Exercise inputs below:

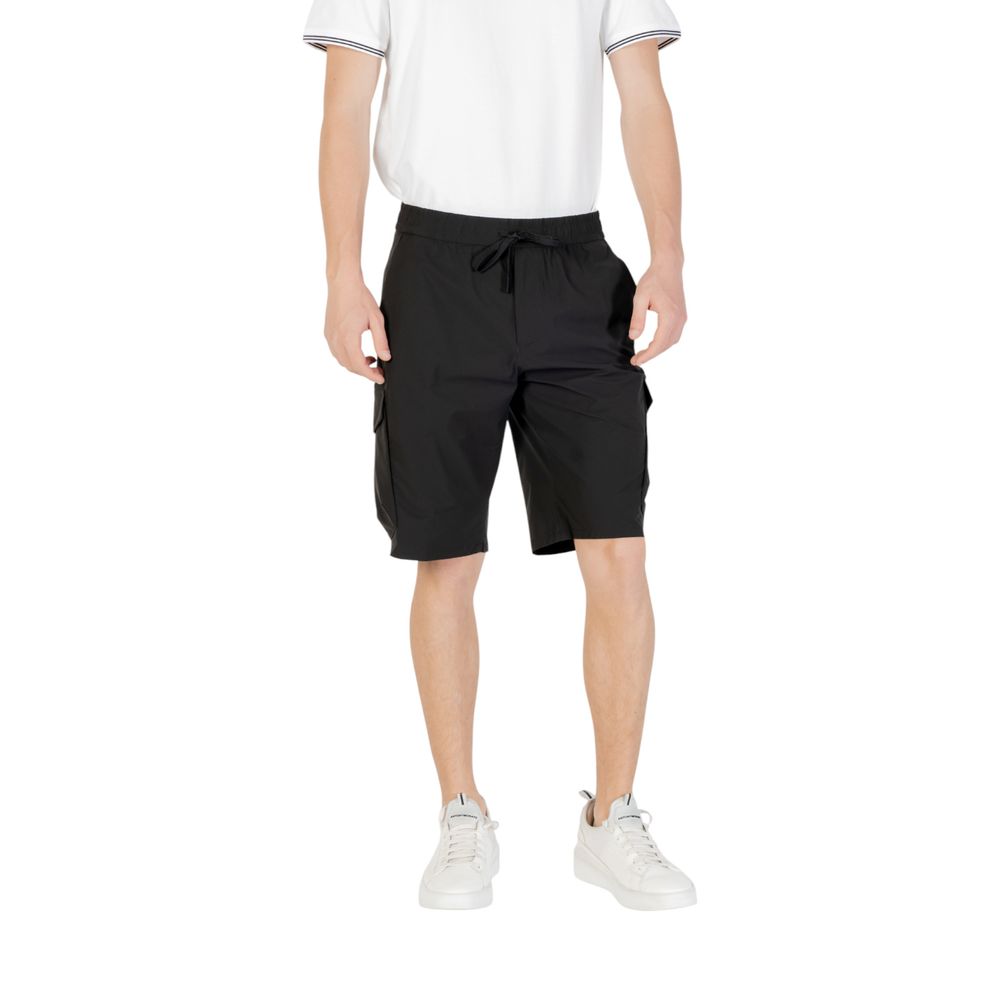 Hugo Boss Black Polyester Bermuda Shorts | Regal Royce
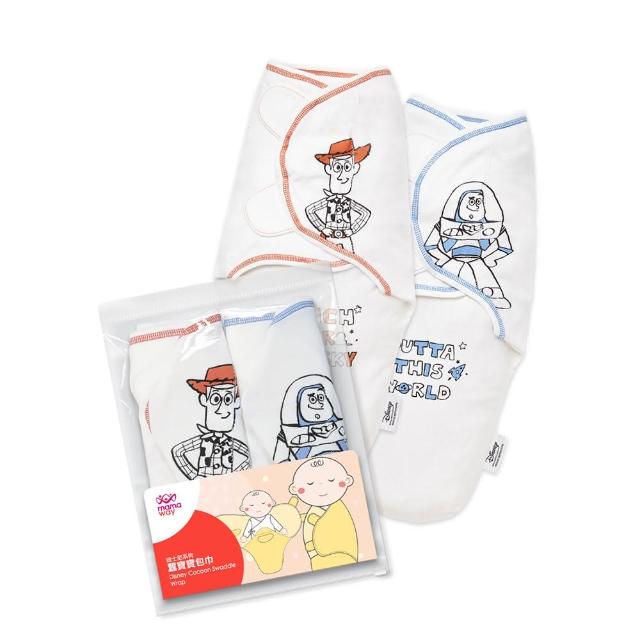【mamaway 媽媽餵】迪士尼系列蠶寶寶包巾組-2入  共3色(寶寶包巾/嬰兒包巾)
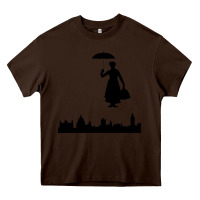 Chocolate Brown marry poppins Heavy Core Tee - linhVisuals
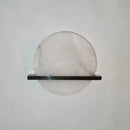 Ljojo Marble Wall Lights Copper Finish E14 Bulb Sconce 110-240V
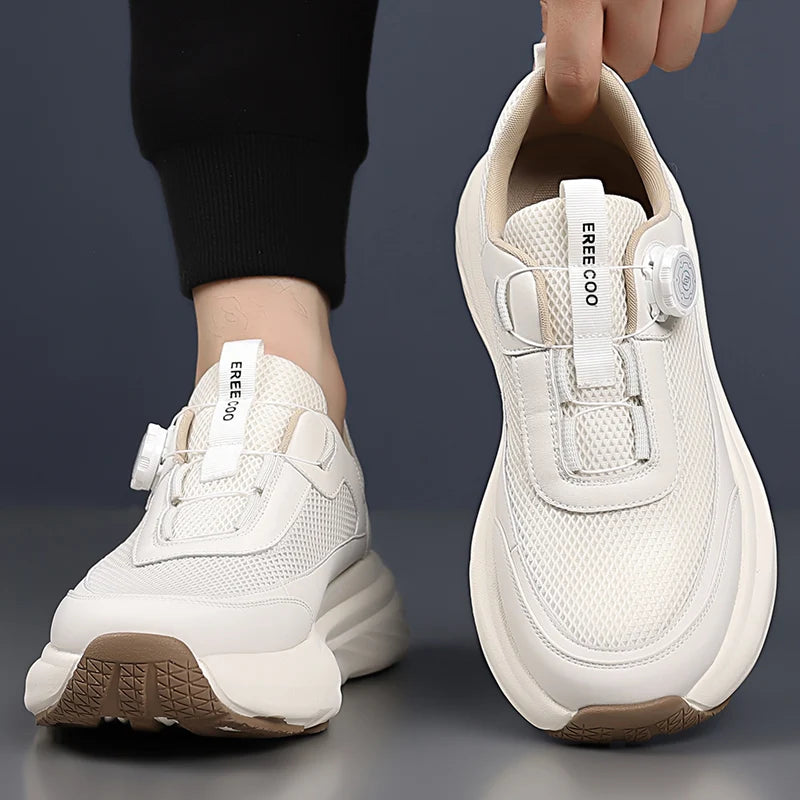 Male Walking Shoes Men's Casual Sports Shoes Summer Light Soft Sole Comfort Outdoor Running Shoes Fashion Student Mesh Sneaker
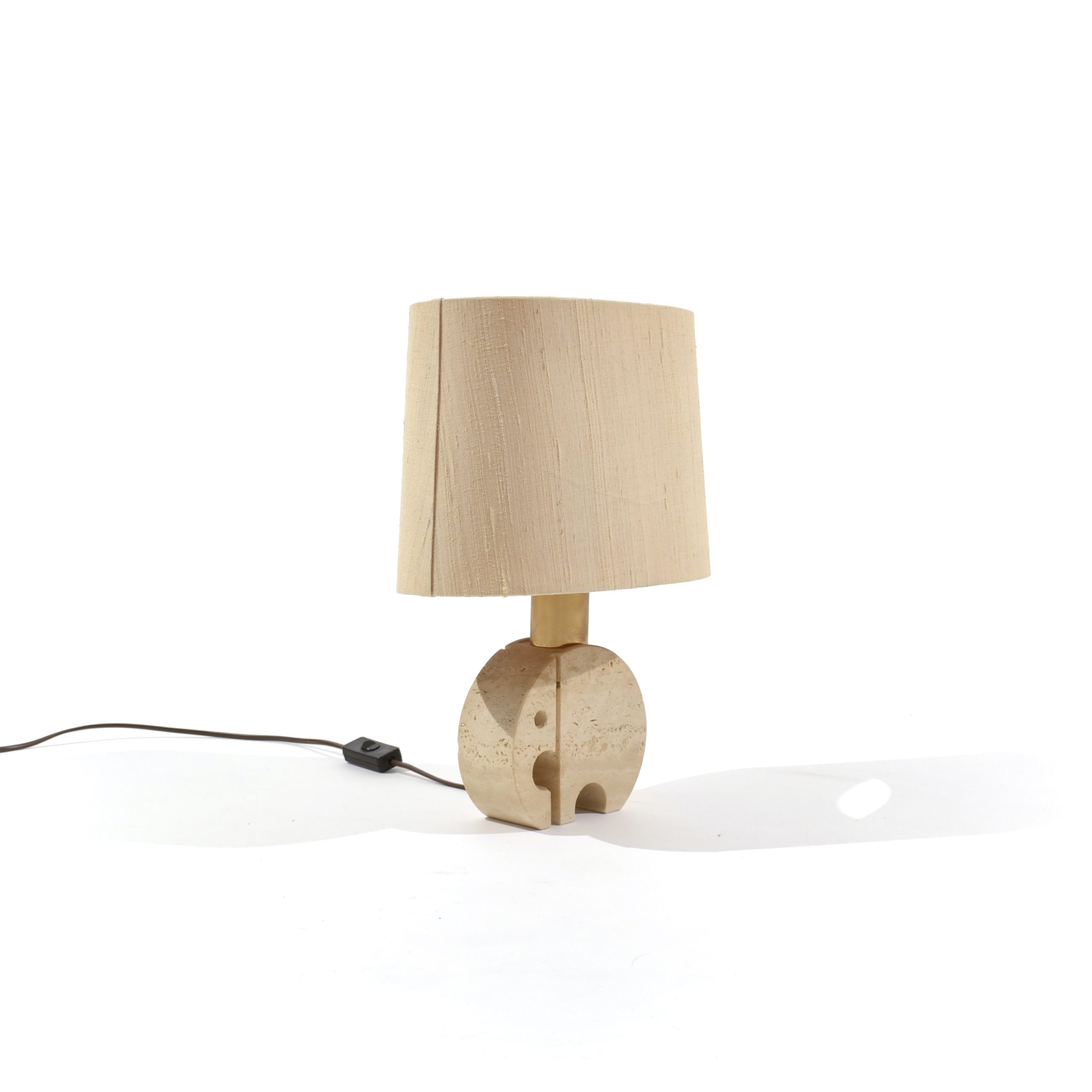 Lampe de table en travertin, Fratelli Mannelli, Italie, 1970's – Image 4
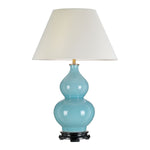 Designer's Lightbox Table Lamp from the Harbin range. Harbin Gourd 1 Light Table Lamp with Tall Empire – SKU DL-HARBIN-TL-DEB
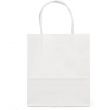 10-Pcs Paper Bags 9.9x4.5x2.3 inch White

End of Exercise inputs.

**Try it**
Output each record verbatim, but skip anything that is a picture.

**Your solution**
 Hugo Boss Black Polyester Bermuda Shorts | Regal Royce
【mamaway 媽媽餵】迪士尼系列蠶寶寶包巾組-2入  共3色(寶寶包巾/嬰兒包巾)
 Chocolate Brown marry poppins Heavy Core Tee - linhVisuals
 Ljojo Marble Wall Lights Copper Finish E14 Bulb Sconce 110-240V
 Male Walking Shoes Men's Casual Sports Shoes Summer Light Soft Sole Comfort Outdoor Running Shoes Fashion Student Mesh Sneaker
 Lampe de table en travertin, Fratelli Mannelli, Italie, 1970's – Image 4
 Designer's Lightbox Table Lamp from the Harbin range. Harbin Gourd 1 Light Table Lamp with Tall Empire – SKU DL-HARBIN-TL-DEB
 10-Pcs Paper Bags 9.9x4.5x2.3 inch White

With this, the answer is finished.